It used to be that Sundance acclaim meant the kiss of death for its recipients. The 2008 Oscar nominations may signal the end of that curse.
Documentaries have sometimes managed to crossover from Sundance recognition for most of the last decade, with films like Born Into Brothels and An Inconvenient Truth winning Oscars among nominees including Capturing the Friedmans, Murderball and No End In Sight. But that trend exploded this morning, with three of the five Documentary Feature nominees having launched at Sundance, and two of them — Man on Wire and Trouble the Water — having won their respective sections at the fest in 2008.

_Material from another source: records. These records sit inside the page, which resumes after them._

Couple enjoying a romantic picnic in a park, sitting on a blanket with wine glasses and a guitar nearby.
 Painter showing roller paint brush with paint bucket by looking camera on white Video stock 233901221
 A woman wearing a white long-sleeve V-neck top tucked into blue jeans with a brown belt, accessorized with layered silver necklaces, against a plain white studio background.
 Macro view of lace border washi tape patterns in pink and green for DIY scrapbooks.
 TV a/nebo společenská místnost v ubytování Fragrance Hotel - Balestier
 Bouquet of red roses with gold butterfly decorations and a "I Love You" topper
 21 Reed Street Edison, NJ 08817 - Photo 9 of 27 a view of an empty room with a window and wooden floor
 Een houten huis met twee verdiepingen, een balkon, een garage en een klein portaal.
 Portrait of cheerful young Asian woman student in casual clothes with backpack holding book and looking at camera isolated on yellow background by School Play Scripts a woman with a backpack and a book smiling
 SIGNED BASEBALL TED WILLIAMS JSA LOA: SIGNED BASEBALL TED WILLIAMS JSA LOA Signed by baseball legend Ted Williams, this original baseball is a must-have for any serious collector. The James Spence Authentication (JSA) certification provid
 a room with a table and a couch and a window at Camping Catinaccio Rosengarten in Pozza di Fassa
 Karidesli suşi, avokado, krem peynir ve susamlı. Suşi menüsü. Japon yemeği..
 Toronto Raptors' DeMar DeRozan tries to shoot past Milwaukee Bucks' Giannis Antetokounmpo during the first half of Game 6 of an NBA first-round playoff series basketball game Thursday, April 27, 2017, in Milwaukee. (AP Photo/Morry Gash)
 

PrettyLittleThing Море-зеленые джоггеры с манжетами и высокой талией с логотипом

Meanwhile, the dramatic award winners coming out of Park City are usually lucky just to find distribution and modest theatrical grosses before shuffling off to video and cable. Little Miss Sunshine broke out as a Sundance premiere in 2006 en route to four nominations and two wins, but it didn't have to drag the mixed blessing of Sundance's Grand Jury Prize — usually given to challenging films with Big Social Themes — all the way to Oscar night behind its ubiquitous yellow van.
This year, though? In addition to the doc nominees, Sundance's 2008 winner Frozen River will compete for Best Actress (Melissa Leo) and Best Original Screenplay (by director Courtney Hunt). The Visitor's Richard Jenkins is a Best Actor contender. Martin McDonagh earned his own Original Screenplay nomination for In Bruges, last year's opening-night film.
On one hand we're inclined to invoke the fluke quotient here, but watch what Sony Pictures Classics — whose unqualified commercial success with Frozen River will only improve after today's news — does with this year's Sundance acquisition An Education, which is roundly recognized as one of 2009's best films to date and features awards-caliber work by lead actress Carey Mulligan, supporting actors Peter Sarsgaard and Alfred Molina, screenwriter Nick Hornby and director Lone Scherfig. If Frozen River was SPC's Park City prototype, An Education may be its first sportscar off the line after tinkering with the awards-season machinery its co-presidents Michael Barker and Tom Bernard know so well. Wait and see.